Over the past 15 years, major international donor agencies shifted their approach to local politics in fragile states. In order to build stable state-society relations in conflict-affected societies, they committed to studying popular expectations on states, which may differ greatly from international norms like competitive elections and service provision. This blog post examines donor interventions to improve service provision in refugee-crisis-affected communities in Lebanon and Jordan from 2011 to 2019. Donor states hoped that improving service provision capacity of municipalities would increase public trust, but encountered problems with block voting and patronage, leading them to question the value of service provision. Future posts discuss alternate strategies that some donors attempted.
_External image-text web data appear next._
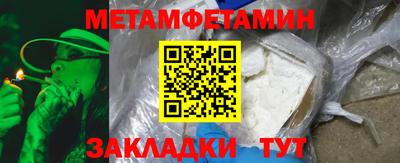 кокаин перу Обь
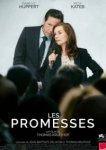  Обещания 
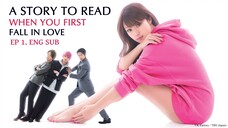 Hajimete Koi wo Shita Hi ni Yomu Hanashi - A Story to Read When You First Fall in Love (2019) EP 1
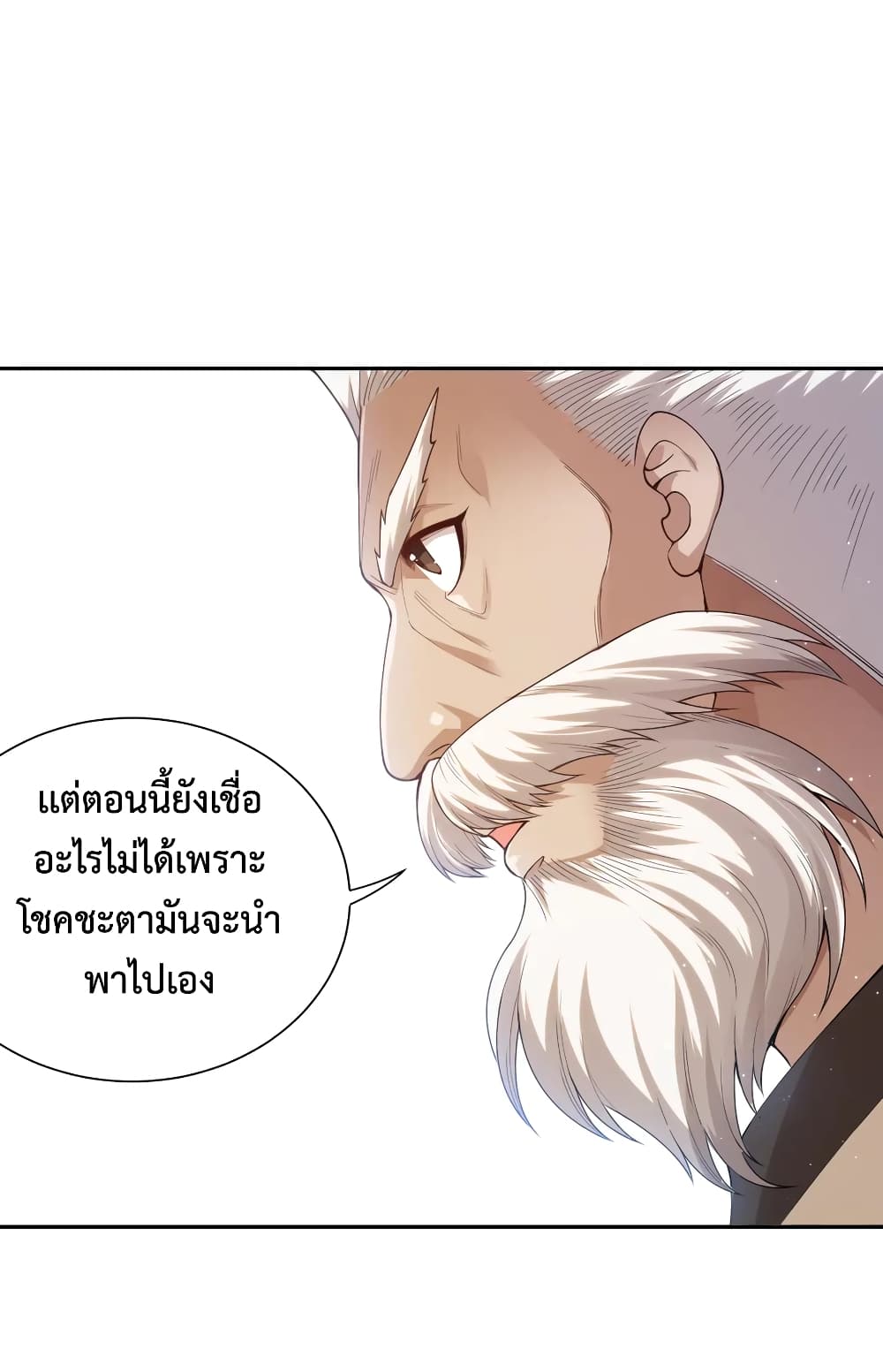 ULTIMATE SOLDIER ตอนที่ 111 (42)
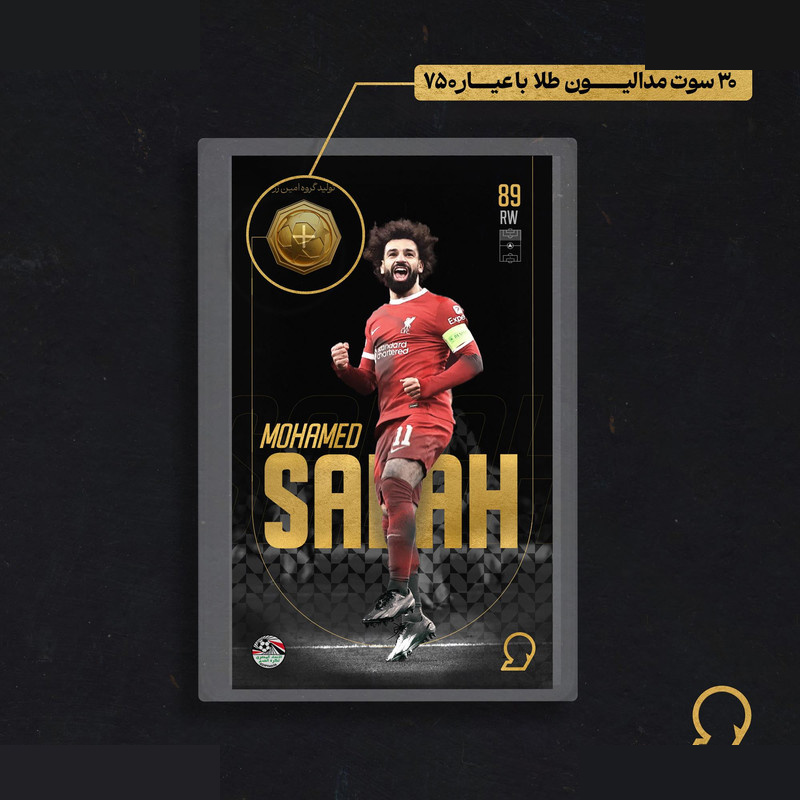 طلا گرمی 18 عیار سوت مدل SALAH طرح کارت فوتبالی 2025 کد SO10105 طلا گرمی 18 عیار سوت مدل SALAH طرح کارت فوتبالی 2025 کد SO10105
Legitimacy in fragile states -

Legitimacy is the extent to which the people being ruled consent to being ruled. Ruler’s who people trust to exercise coercision are legitimate. Authority is force (coercion) with legitimacy. A majority of Americans may dislike Donald Trump, but they continue to pay taxes to him and few people are advocating we instead address our taxes to Hillary Clinton or Jill Stein. The hanging chad controversy in 2000 was a legitimacy question because it called into question whether the electoral college should confer the right to rule.

Readers from developed countries are used to always knowing the relevant public authority due to a clear division between state and society. The mayor decides who can park where, and whoever wins the biannual mayoral election gets to be mayor. The president appoints the head of the IRS, and whoever gets the most electoral college votes becomes president, et cetera. But in fragile developing countries the question of who wields authority is more often contested. If there is no mayor or the mayor is a figure head appointed by a distant authority, communities some other authorities must judge which spaces are for parking or market stalls and provide other local governance services. In the absence of legitimate, functional state actors, other actors such as tribes, sheikhs, armed groups and charities often compete for legitimacy. We call these diverse, competing local actors public authorities.

Why do we care -

In the 2000s the concept of legitimacy became important to the international donors. The donors are government and intergovernmental agencies who fund overseas assistance projects, like USAID, DFID, the World Bank and the Kuwait Fund. Among other factors, the 2000s saw well-funded donor attempts to create stable, legitimate governments in Iraq and Afghanistan. These projects did not go as well as intended, particularly given the sums involved. In fancy reports at the Development Assistance Committee, USAID, and DFID studied how both state and non-state actors legitimate themselves, hoping to reform state-building and improve assistance in fragile states.

The primary outcome of these studies we call the empirical legitimacy agenda. Previous interventions had assumed normative legitimacy, meaning that states achieved legitimacy by adhering to normative standards such as competing in elections, providing services, following clear and transparent rules, etc. Now donors recognized that they could not predict popular expectations of the state. Legitimacy is instead constructed through a variety of complex, idiosyncratic practices which may not resemble western legitimacy-making. At least some legitimacy-making practices will likely be shared in non-western systems, such as providing security and social services, or listening to citizen participation, sometimes through intermediary representatives like tribal leaders. Some legitimacy-making practices which are frowned-upon in the west are common in fragile states, such as claiming a right to rule through shared religious belief. Patronage is especially common, in which higher elites provide resources in exchange for support to clients. While patronage degrades state capacity and alienates non-elites, in practice it can be a source of legitimacy. Anecdotally, I doubted people could say “What our political system needs is more nepotism, but directed toward my ingroup”, until I heard people say it myself.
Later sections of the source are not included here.